• [EXERCISE DIRECTIONS]
Write out exactly the lines running from the one with "Polera Cuello Mao" to the end of the data, including both of those lines and excluding pictures.

• [PROVIDED RECORDS]
=====

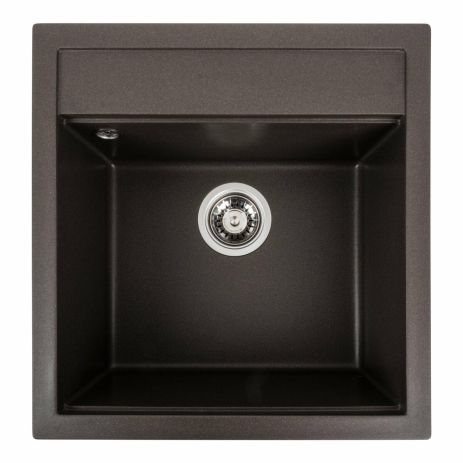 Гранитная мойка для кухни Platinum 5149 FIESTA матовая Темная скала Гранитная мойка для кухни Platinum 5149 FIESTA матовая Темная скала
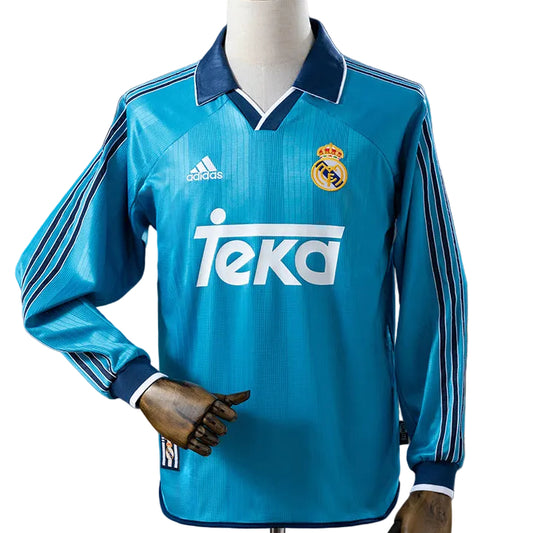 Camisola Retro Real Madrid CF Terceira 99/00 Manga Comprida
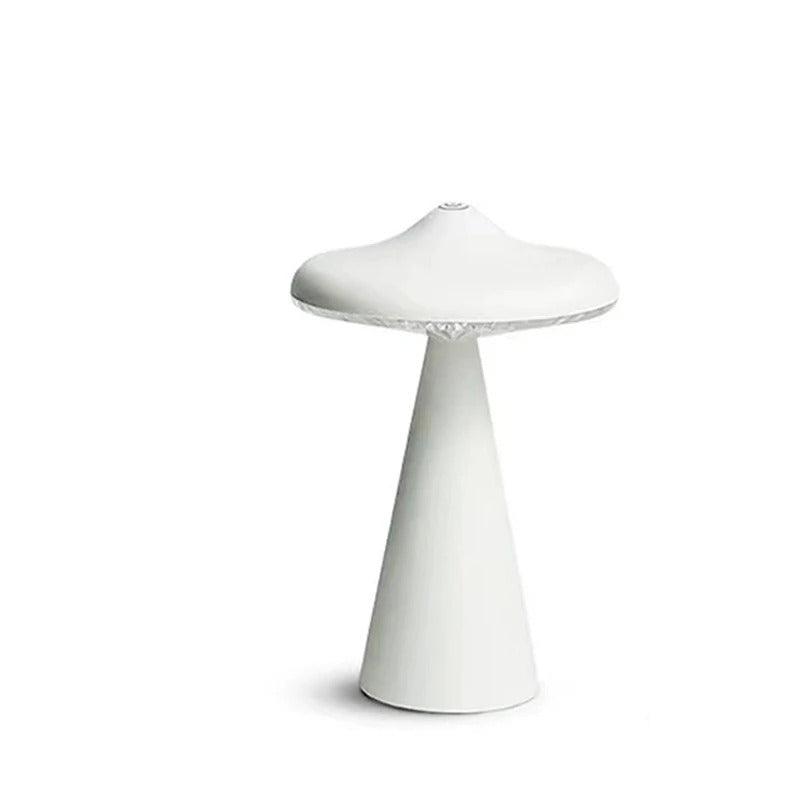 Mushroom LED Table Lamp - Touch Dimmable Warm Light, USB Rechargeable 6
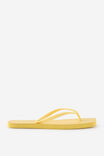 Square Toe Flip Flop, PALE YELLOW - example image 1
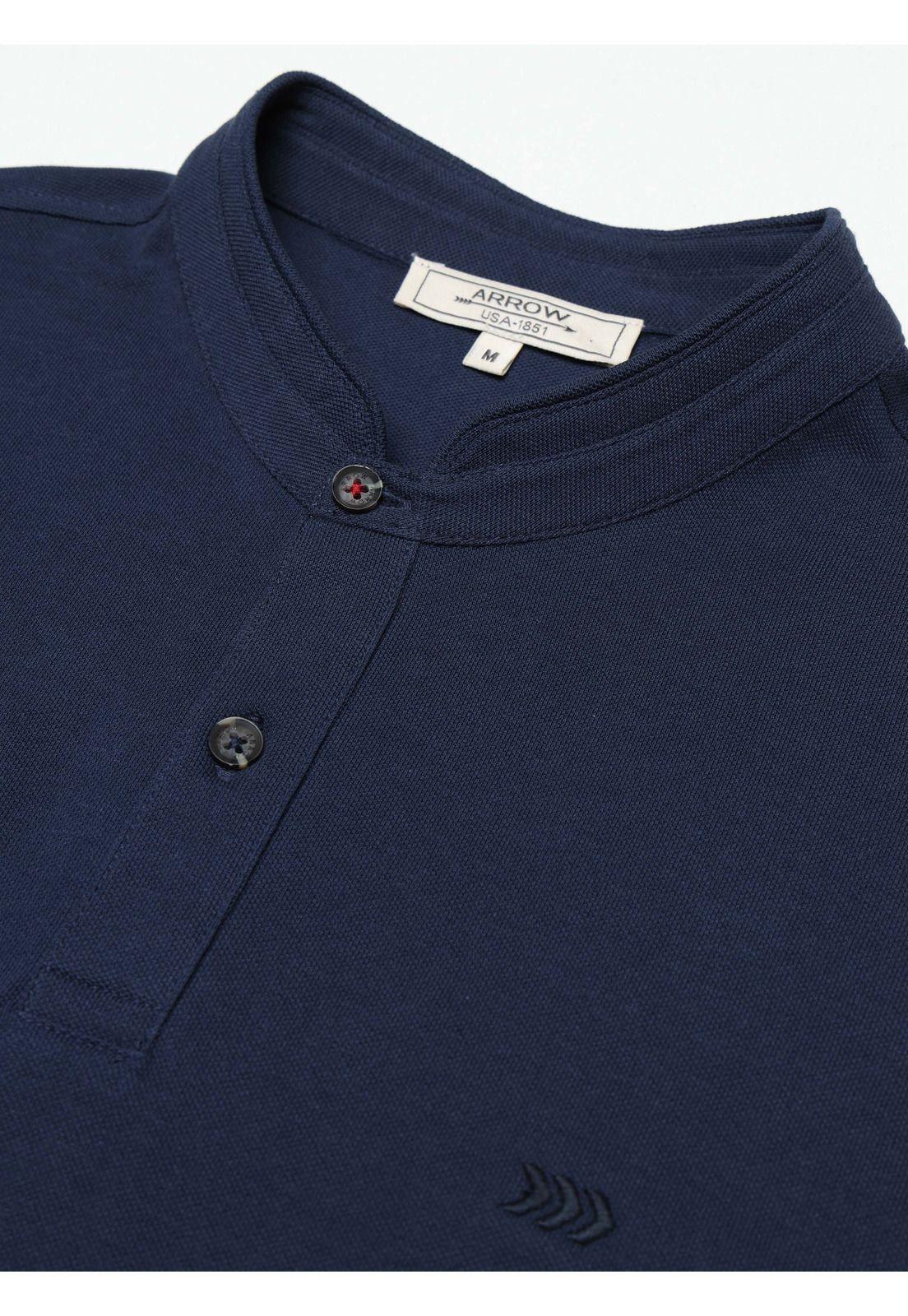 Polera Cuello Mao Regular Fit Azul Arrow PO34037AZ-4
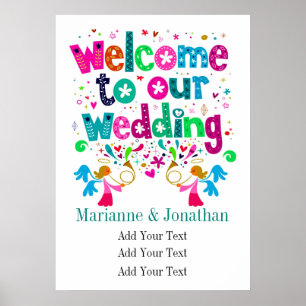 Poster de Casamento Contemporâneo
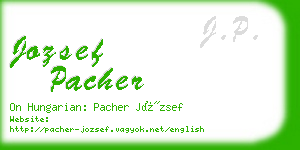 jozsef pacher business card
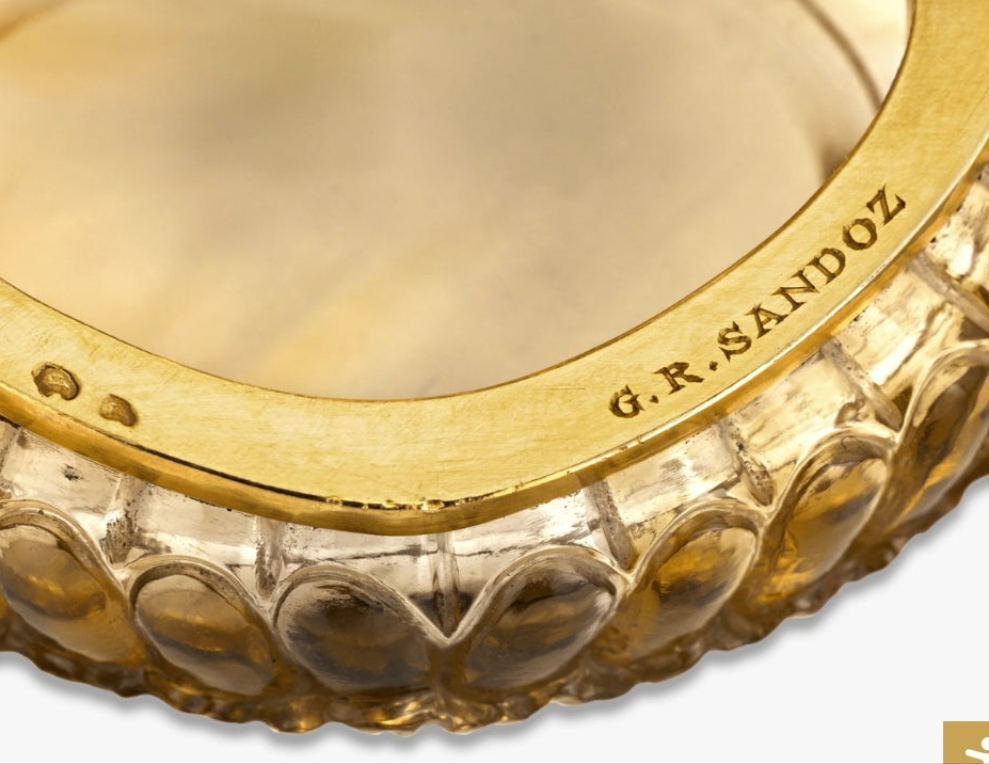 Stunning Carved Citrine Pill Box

=====

• [ANSWER TO THIS TASK]
 Polera Cuello Mao Regular Fit Azul Arrow PO34037AZ-4
 Poster de Casamento Contemporâneo
 jozsef pacher business card
 Stunning Carved Citrine Pill Box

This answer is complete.